吉澤氏はZTEが製造した既存の端末について、修理用の在庫も相当数確保していることから「調達済みの端末は販売を続ける」と話す。ただし、米商務省の影響はAndroidにもおよぶ可能性があり、今後のOSアップデートに関しては懸念もあることから、ZTEに確認した上で対応を検討するとした。また新機種の開発に関しては、「部材がないと物が作れない」(吉澤氏)ことから、現在のところ停止しているとのことだ。
そしてもう1つは、海賊版サイトのブロッキングについて。ドコモをはじめとしたNTTグループは4月23日、政府が緊急対策として、漫画の海賊版サイトのブロッキングを民間企業に自主対応するよう促したことを受け、対象となるサイトのブロッキングを実施すると発表し、大きな波紋を呼んでいる。
今回の措置について吉澤氏は、「我々も『dアニメ』などを展開している。(海賊版サイトが)ネットビジネス、コンテンツの発展を阻害していることは誰もが認めているし、それを見過ごすわけにはいかない」と話した。
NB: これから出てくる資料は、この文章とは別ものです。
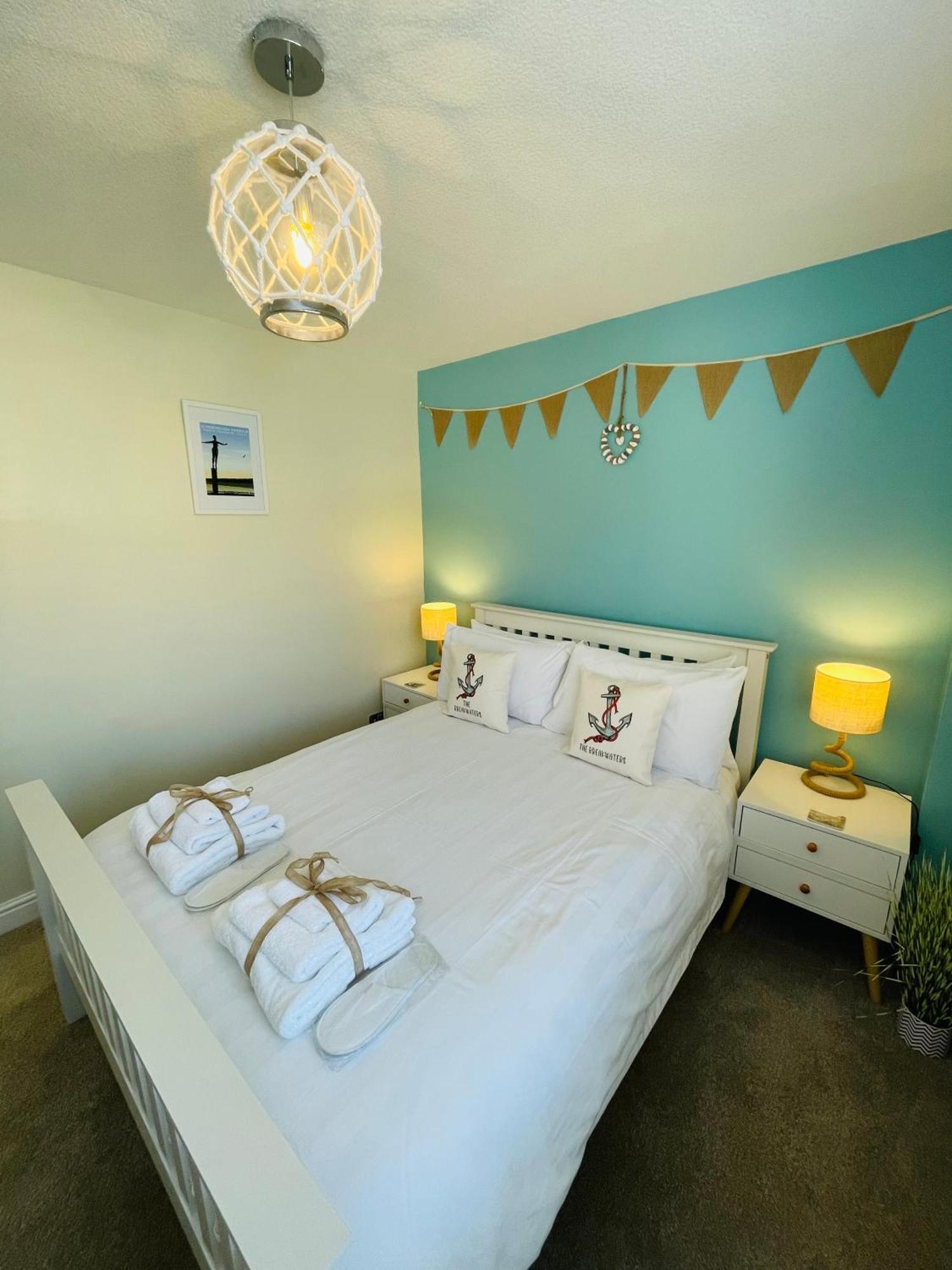 Apartment The Breakwaters, One Min From Harbour & Beach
対応を決めたのは「政府による決定が出てから」とのことで、現在対応に向けた準備を進めているという。
またブロッキングの対象となったサイトは一部閉鎖している所もあれば、名前を変えて復活しているケースもあり、ブロッキング自体の効果を疑問視する声もある。これに対し吉澤氏は、「閉鎖していても復活するかもしれない。次にどうアクションを起こすか分からないだけに、ブロッキングしていくという考えを変えることはない」と、あくまで強気の姿勢を見せた。
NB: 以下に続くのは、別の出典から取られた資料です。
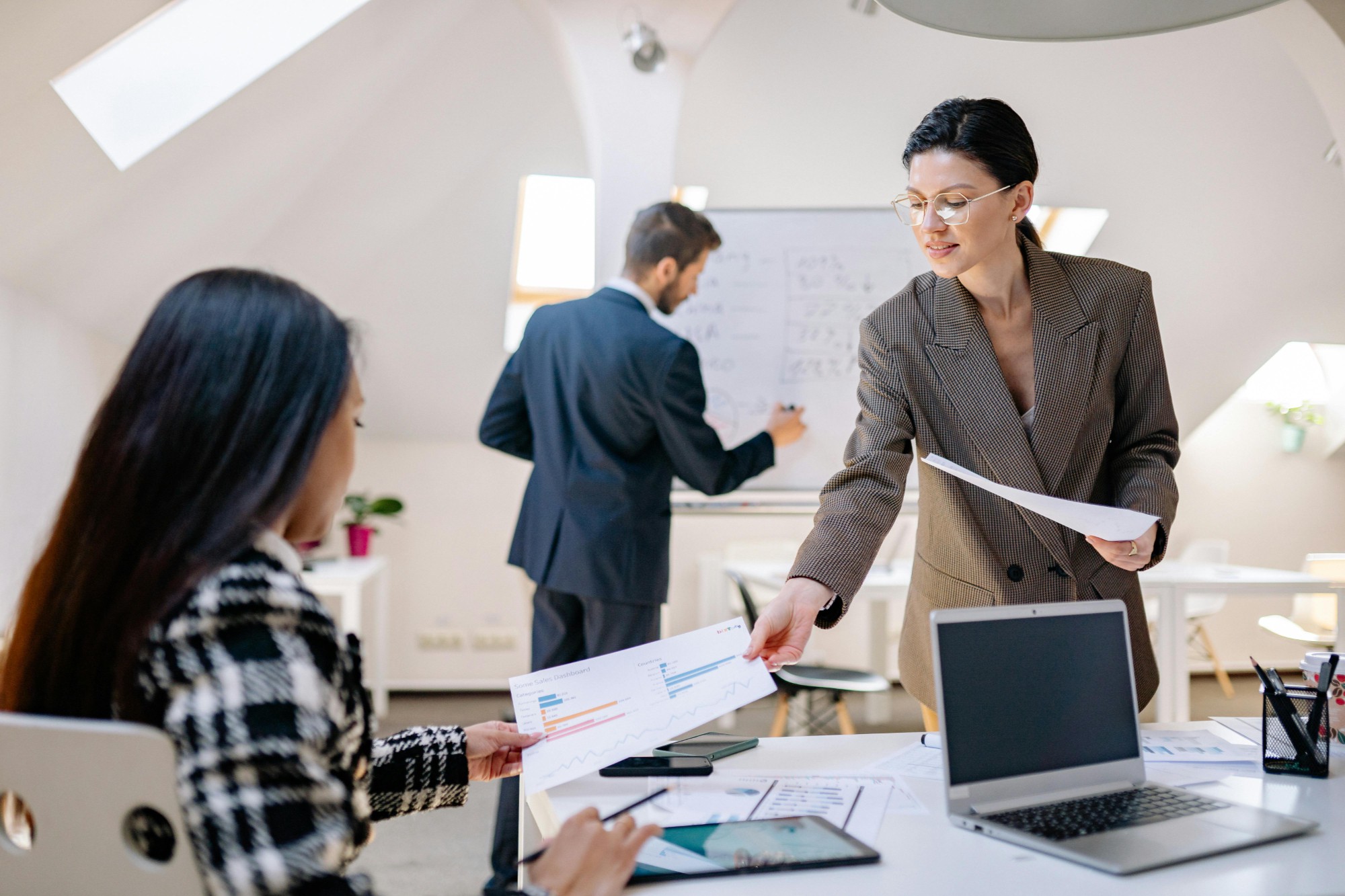 第11批国采背后印度药企大举进军，瑞迪、Hetero等巨头如何搅动中国仿制药市场？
一方で、ブロッキングに関しては通信の秘密を侵害するとの声も多く、ドコモは訴訟のリスクも負うこととなる。この点について吉澤氏は「著作権侵害と通信の秘密のせめぎ合いについて結論が出ているわけではない」としながらも、速やかな対応が必要であると自主的に判断し、今回の措置に至ったと説明した。